FR/BG Avant-propos
Dans tous nos ouvrages – Śrīmad-Bhāgavatam, Śrī Īśopaniṣad, etc. – le verset sanskrit original est suivi de sa translittération, de sa traduction accompagnée des équivalences de chaque mot, puis d’une exégèse détaillée. Ainsi, non seulement l’Écrit garde-t-il son authenticité et son haut niveau d’érudition, mais encore la teneur du savoir étendu qu’il renferme devient-elle évidente et aisément accessible.
Nombre d’érudits et de dévots ayant émis le souhait de nous voir présenter ainsi la Bhagavad-gītā en une édition complète, nous nous efforçons aujourd’hui de répondre à leur requête en leur offrant ce grand livre qui contient l’essence du savoir et des commentaires en tous points conformes à la paramparā, donnant au Mouvement pour la Conscience de Kṛṣṇa de solides assises.
Ce mouvement est parfaitement authentique, historiquement bien ancré, naturel à l’âme et totalement spirituel car il s’appuie sur la Bhagavad-gītā telle qu’elle est.
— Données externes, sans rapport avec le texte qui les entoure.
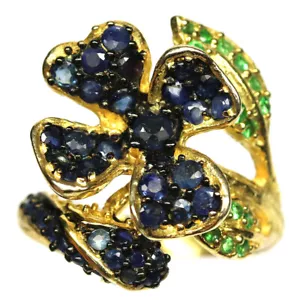 925 Plata de Ley Zafiro Azul & Verde Tsavorite Granate Joyería Anillo Tamaño 8.5 - Imagen 1 de 4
Il est en train de devenir très populaire dans le monde entier, notamment chez les jeunes, mais les générations plus anciennes commencent également à s’y intéresser. Ainsi, les parents et les grands-parents de nos disciples nous encouragent en devenant membres. Nombre de pères et de mères sont venus m’exprimer leur gratitude pour avoir répandu ce mouvement à travers le monde. Certains d’entre eux estiment même que c’est une grande chance pour l’Occident. Mais en vérité, la paternité de ce mouvement revient au Seigneur Lui-même, Kṛṣṇa, car c’est Lui qui le créa au début des temps et le fit parvenir jusqu’à nous grâce à une succession de maîtres. Si quelque mérite nous est attribué pour la fondation et la conduite de ce mouvement, il revient en fait à notre maître spirituel éternel, Oṁ Viṣṇupāda Paramahaṁsa Parivrājakācārya 108 Śrī Śrīmad Bhaktisiddhānta Sarasvatī Gosvāmī Mahārāja Prabhupāda.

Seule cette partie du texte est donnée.